**Task description:** Starting at the top of the entries below, write out each line up to and including the one containing "Load image into". Leave the pictures out.

**Data to use:**
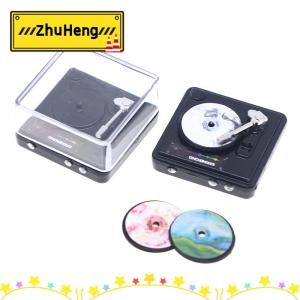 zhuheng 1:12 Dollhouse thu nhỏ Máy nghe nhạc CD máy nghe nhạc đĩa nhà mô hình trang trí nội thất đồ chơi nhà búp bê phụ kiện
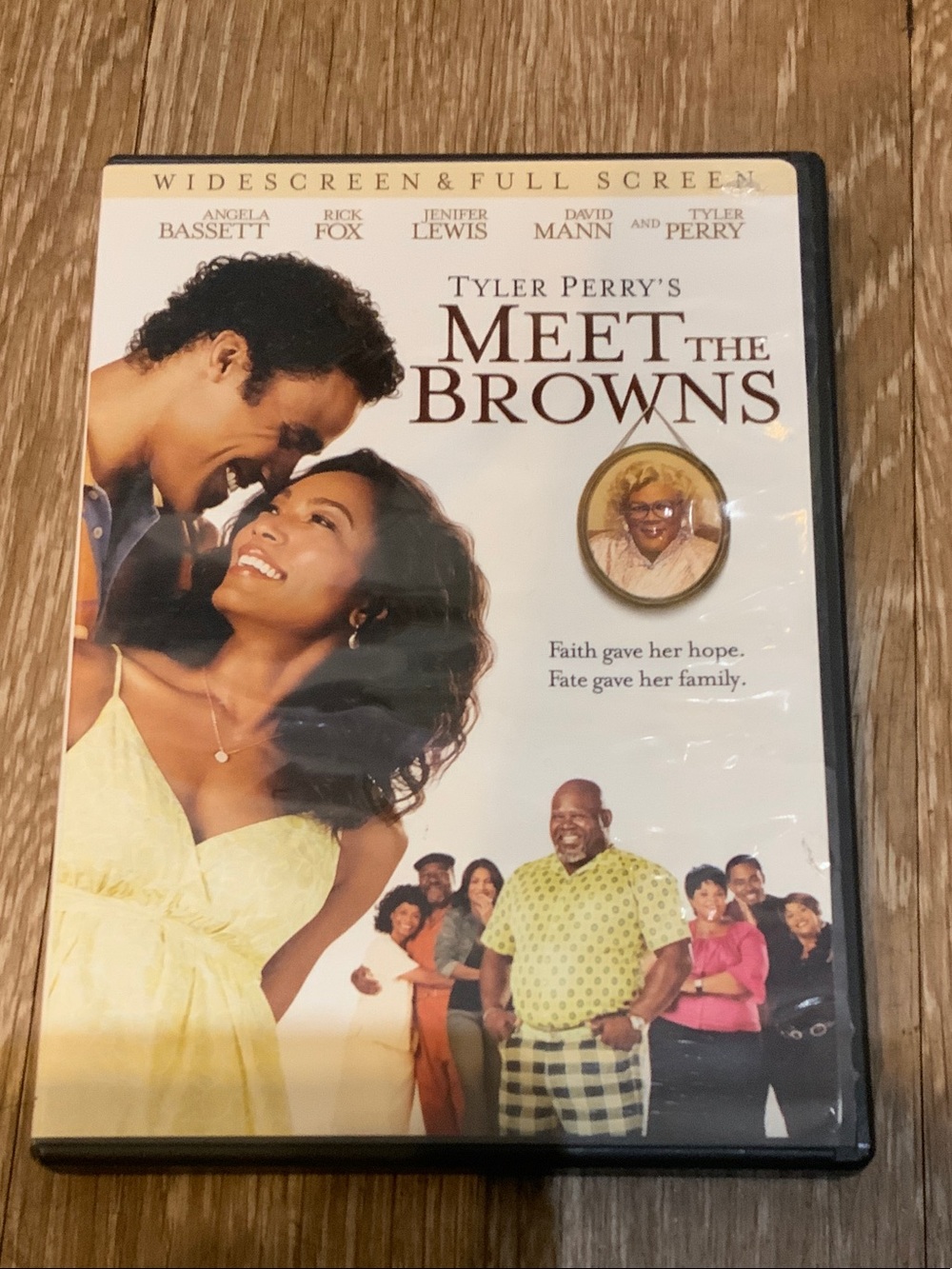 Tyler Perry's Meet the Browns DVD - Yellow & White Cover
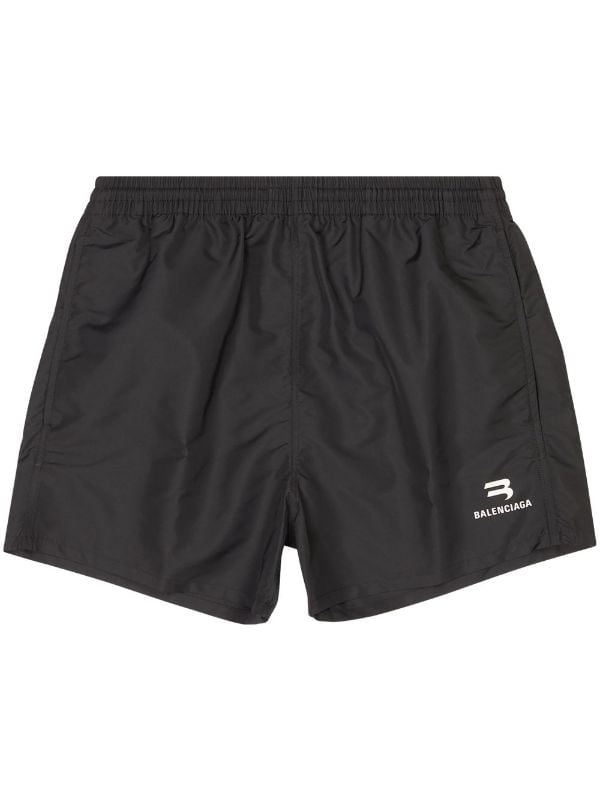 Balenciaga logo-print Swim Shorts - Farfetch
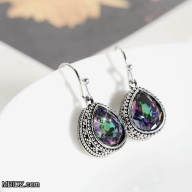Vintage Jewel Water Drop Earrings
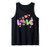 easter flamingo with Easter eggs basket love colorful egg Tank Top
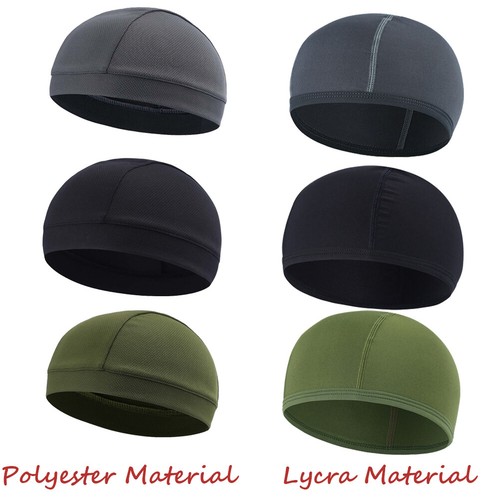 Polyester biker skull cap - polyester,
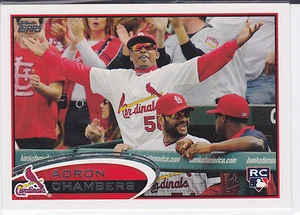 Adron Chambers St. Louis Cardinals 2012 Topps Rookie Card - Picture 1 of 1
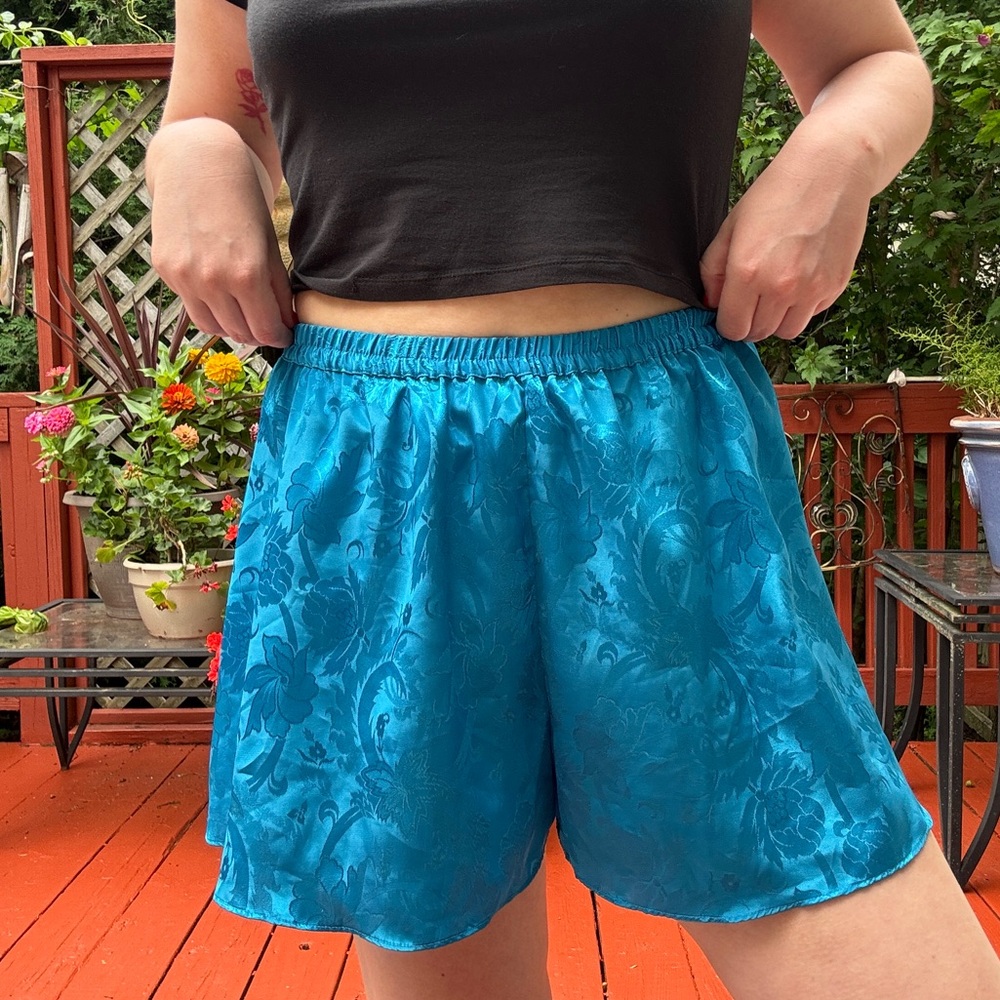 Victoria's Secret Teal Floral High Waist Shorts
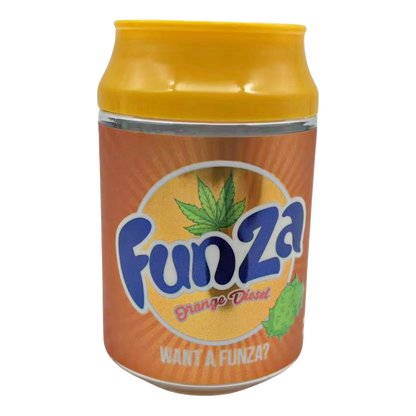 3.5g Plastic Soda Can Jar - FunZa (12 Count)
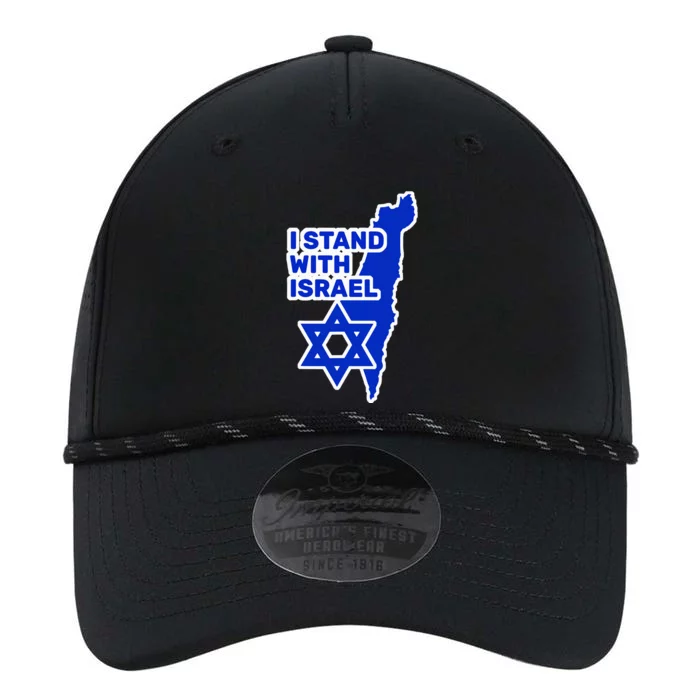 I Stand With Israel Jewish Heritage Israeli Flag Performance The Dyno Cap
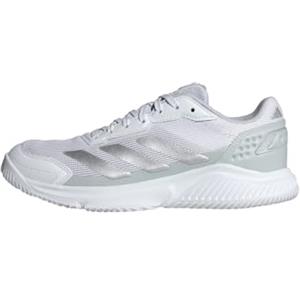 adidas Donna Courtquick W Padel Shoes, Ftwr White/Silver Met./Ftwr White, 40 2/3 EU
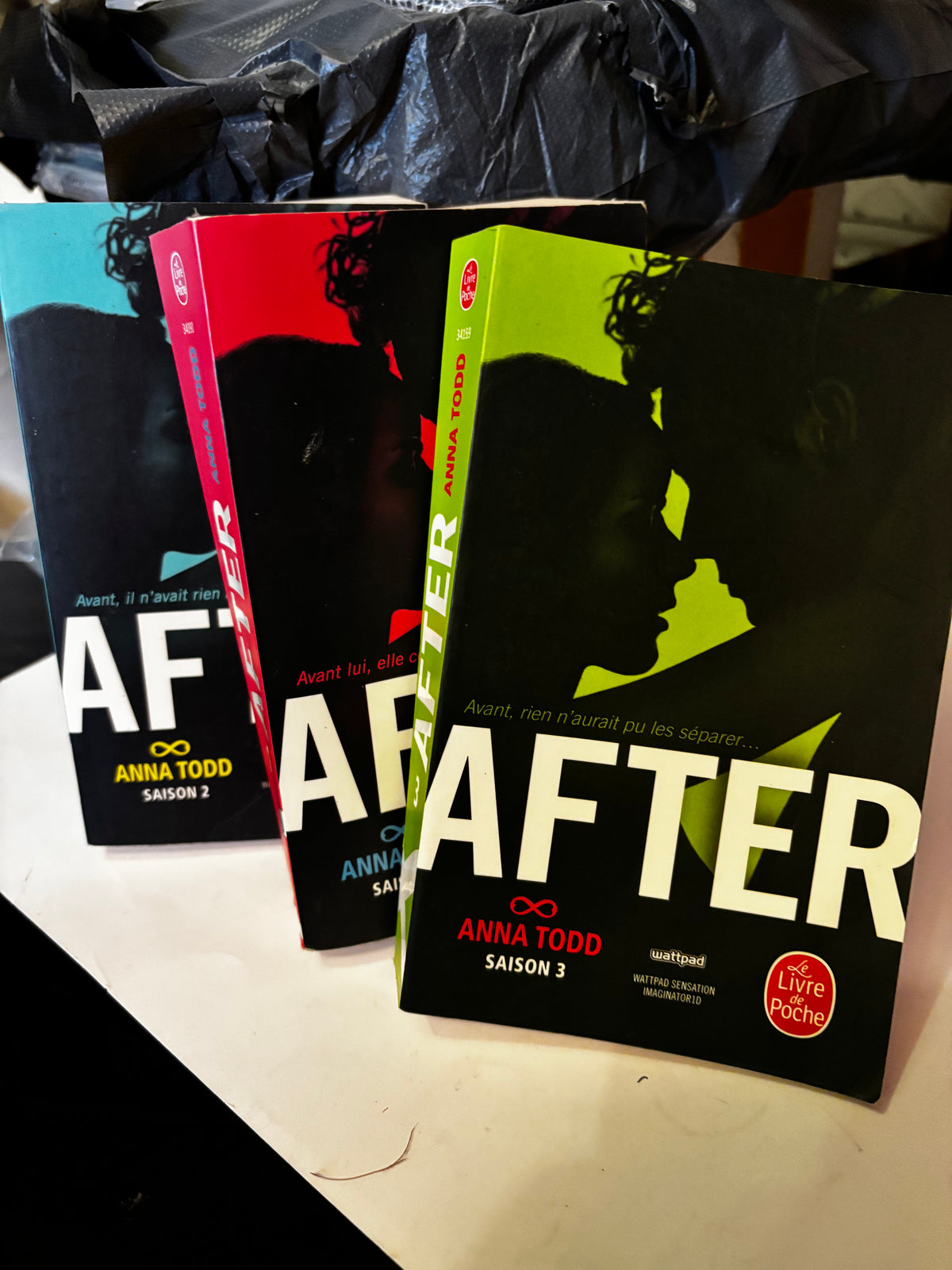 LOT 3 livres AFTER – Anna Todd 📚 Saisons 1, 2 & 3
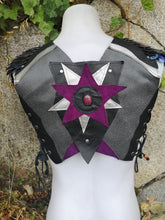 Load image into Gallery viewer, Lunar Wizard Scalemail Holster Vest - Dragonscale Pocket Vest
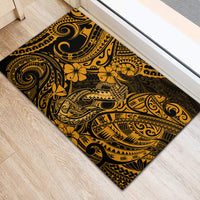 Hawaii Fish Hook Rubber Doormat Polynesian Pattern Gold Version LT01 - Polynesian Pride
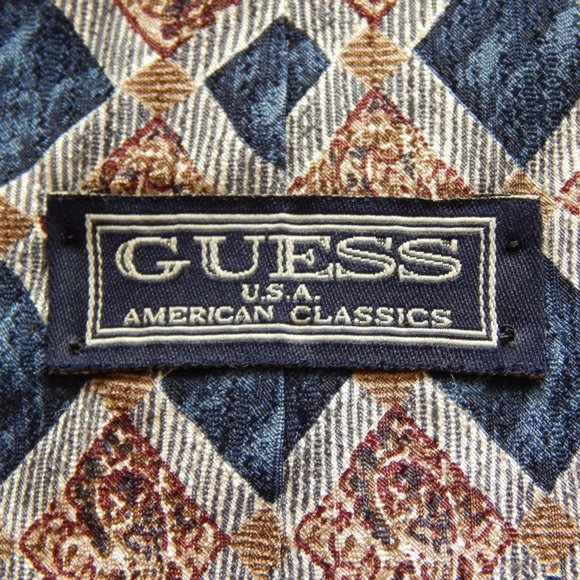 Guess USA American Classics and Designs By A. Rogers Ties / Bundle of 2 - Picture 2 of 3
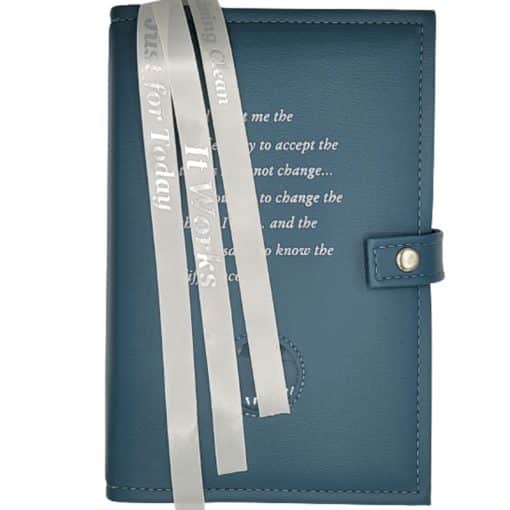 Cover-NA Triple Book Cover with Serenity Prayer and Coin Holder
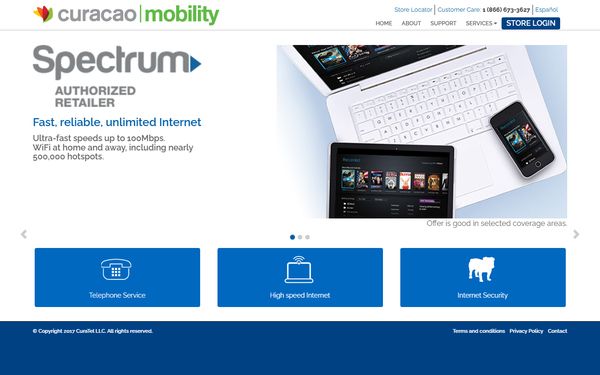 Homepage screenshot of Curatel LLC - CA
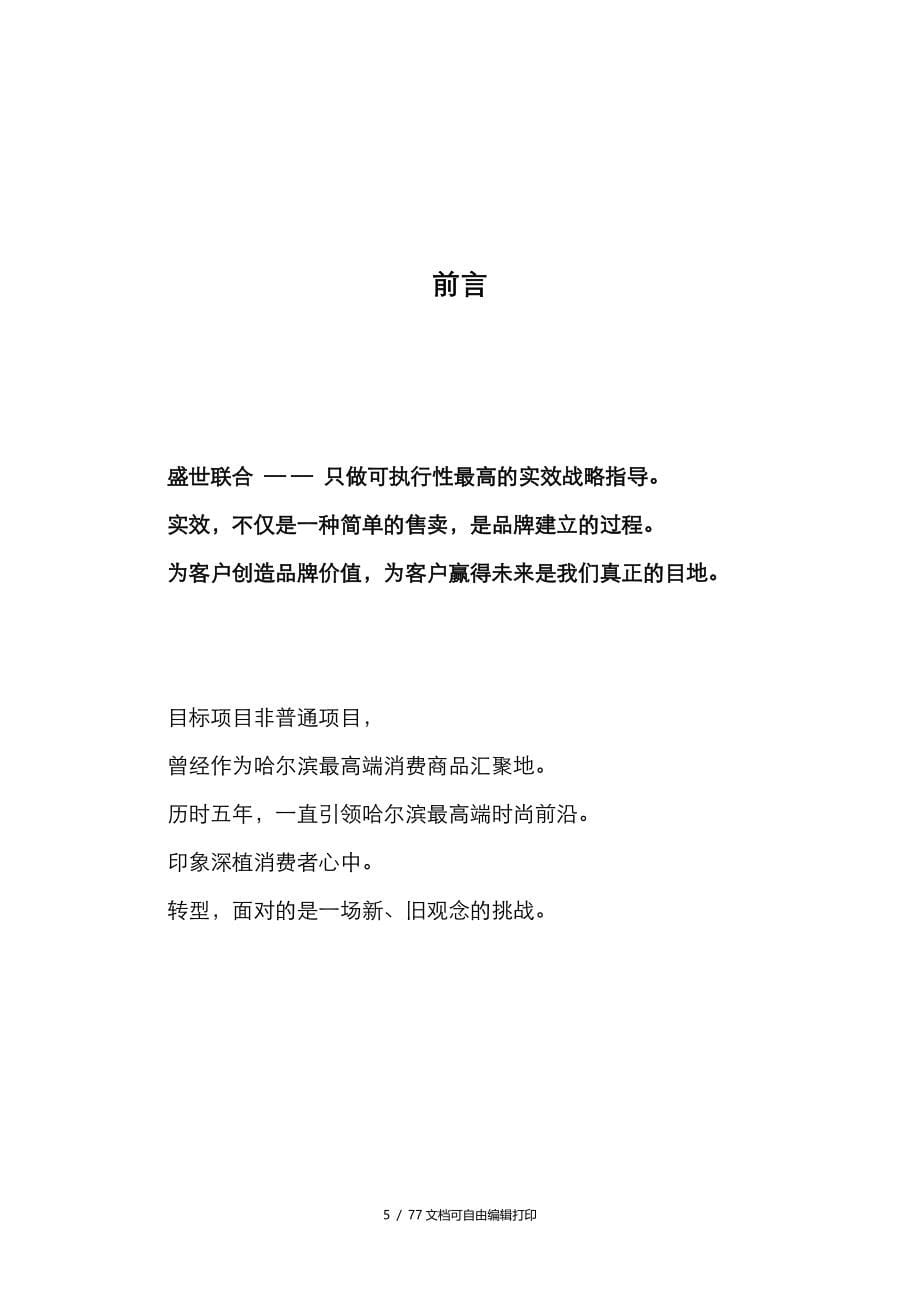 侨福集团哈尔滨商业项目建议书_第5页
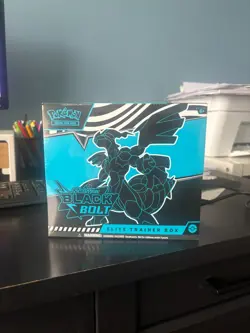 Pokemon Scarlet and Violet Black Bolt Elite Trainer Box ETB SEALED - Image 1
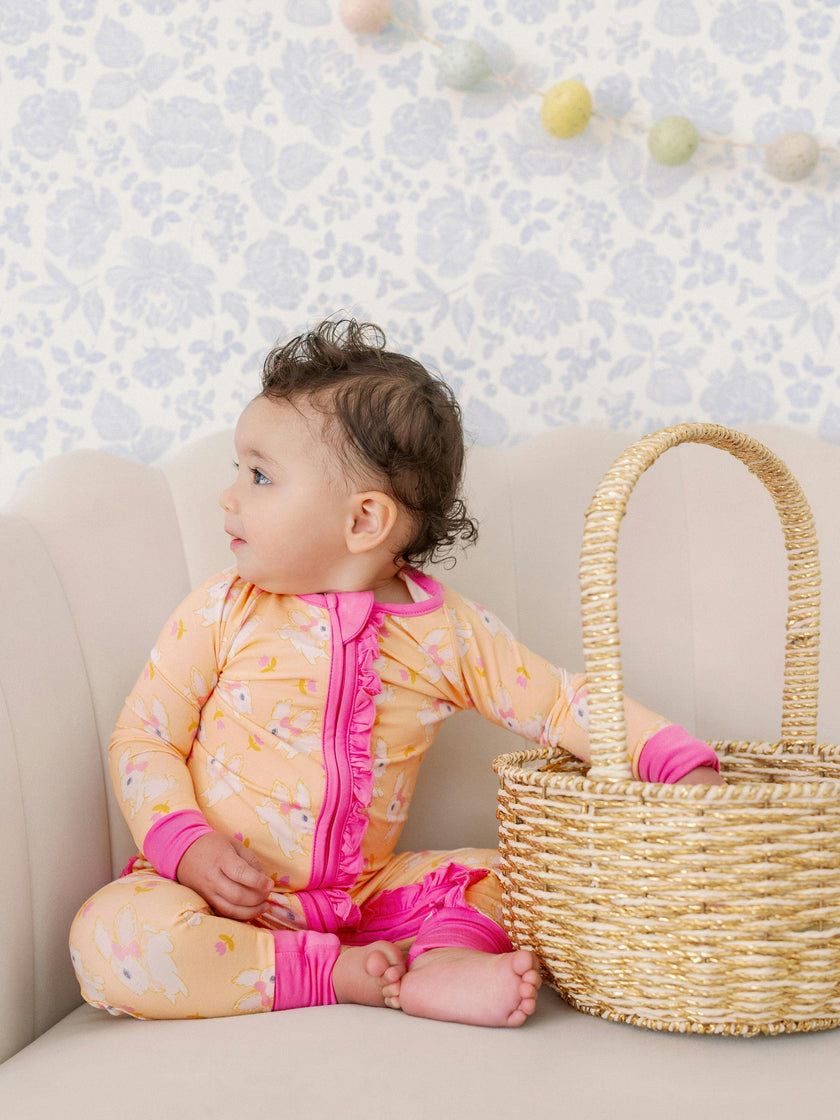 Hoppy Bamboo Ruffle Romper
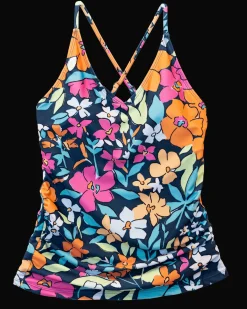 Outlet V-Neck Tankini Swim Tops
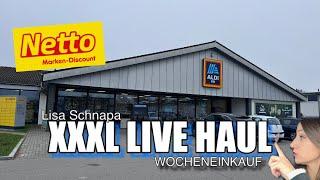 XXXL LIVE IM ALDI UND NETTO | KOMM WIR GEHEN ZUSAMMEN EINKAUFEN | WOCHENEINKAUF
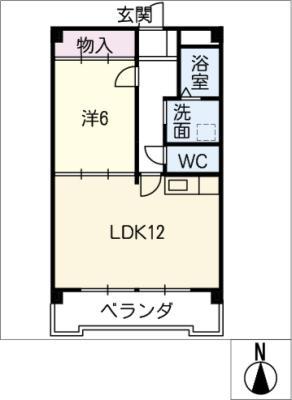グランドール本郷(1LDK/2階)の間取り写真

**Answer to this problem:**
 zhuheng 1:12 Dollhouse thu nhỏ Máy nghe nhạc CD máy nghe nhạc đĩa nhà mô hình trang trí nội thất đồ chơi nhà búp bê phụ kiện
 Tyler Perry's Meet the Browns DVD - Yellow & White Cover
 Balenciaga logo-print Swim Shorts - Farfetch
Vintage Jewel Water Drop Earrings
 easter flamingo with Easter eggs basket love colorful egg Tank Top
 Polyester biker skull cap - polyester,
 Adron Chambers St. Louis Cardinals 2012 Topps Rookie Card - Picture 1 of 1
 Victoria's Secret Teal Floral High Waist Shorts
 3.5g Plastic Soda Can Jar - FunZa (12 Count)
 I Stand With Israel Jewish Heritage Israeli Flag Performance The Dyno Cap
 adidas Donna Courtquick W Padel Shoes, Ftwr White/Silver Met./Ftwr White, 40 2/3 EU
 LOT 3 livres AFTER – Anna Todd 📚 Saisons 1, 2 & 3
 Load image into Gallery viewer, Lunar Wizard Scalemail Holster Vest - Dragonscale Pocket Vest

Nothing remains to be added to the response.